Para ahli bid’ah mengingkari hadits-hadits berikut
ini.
a.
Aisyah radliyallahu ‘anha berkata:
“Adalah Rasulullah Shallallahu ‘alaihi
wasallam terkena sihir sehingga beliau menyangka bahwa beliau mendatangi
istrinya padahal tidak mendatanginya. Lalu beliau berkata: ‘Wahai Aisyah
tahukah kamu bahwa Allah Subhanahu wa Ta’ala telah mengabulkan permohonanku?
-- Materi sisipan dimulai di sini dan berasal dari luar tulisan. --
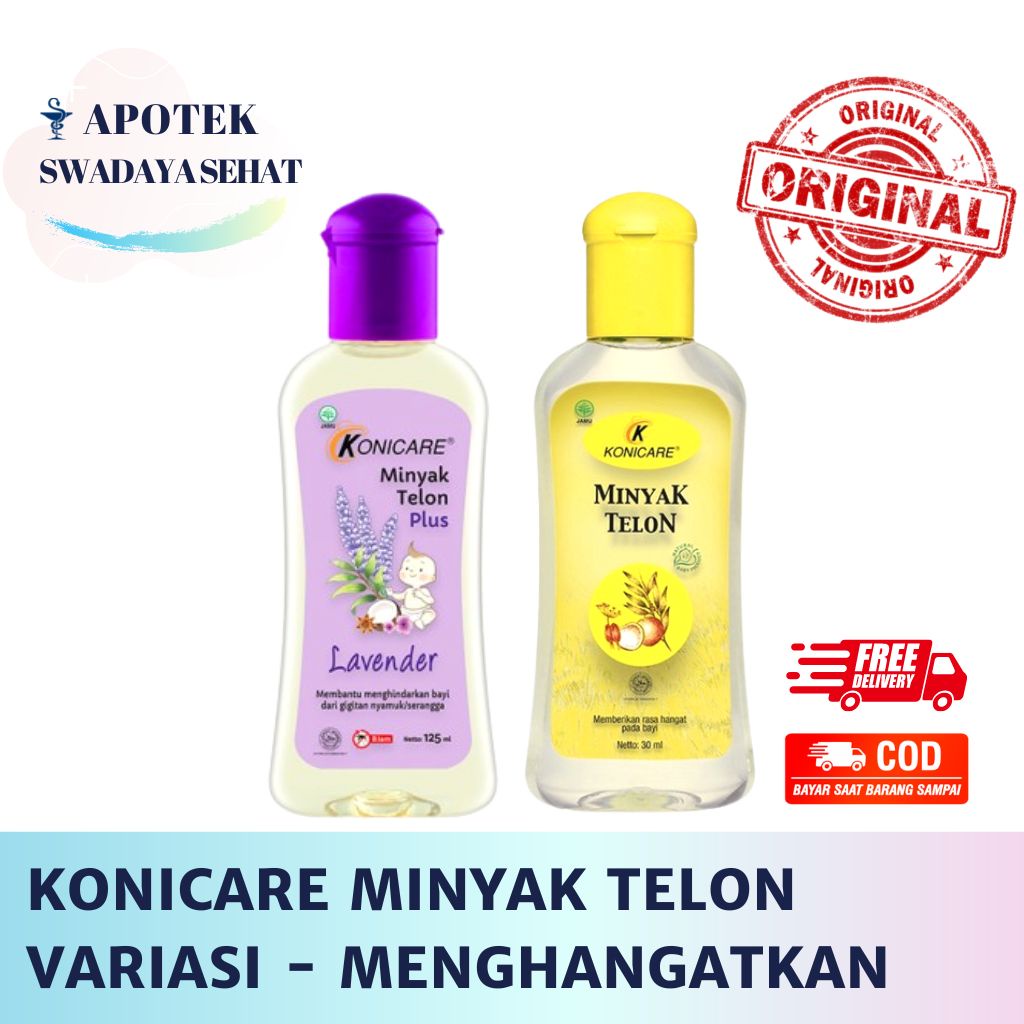 KONICARE MINYAK TELON PLUS Lavender 60 ML - Varian 30 ML Telon Kuning Menghangatkan Minyak Bayi Anak Kembung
Dua lelaki telah datang kepadaku. Kemudian salah satunya duduk di sebelah
kepalaku dan yg lain di sebelah kakiku. Yang di sisi kepalaku berkata kepada
yang satunya: ‘Kenapa beliau?’ Dijawab: ‘Terkena sihir.’ Yang satu bertanya:
‘Siapa yang menyihirnya?’ Dijawab: ‘Labid bin Al-A’sham lelaki dari Banu Zuraiq
sekutu Yahudi ia seorang munafiq.’ Bertanya: ‘Dengan apa?’ Dijawab: ‘Dengan
sisir rontokan rambut.’ Bertanya: ‘Di mana?’ Dijawab: ‘Pada mayang korma jantan
di bawah batu yg ada di bawah sumur Dzarwan’.” Aisyah radhiallahu ‘anha lalu
berkata: “Nabi lalu mendatangi sumur tersebut hingga beliau mengeluarkannya.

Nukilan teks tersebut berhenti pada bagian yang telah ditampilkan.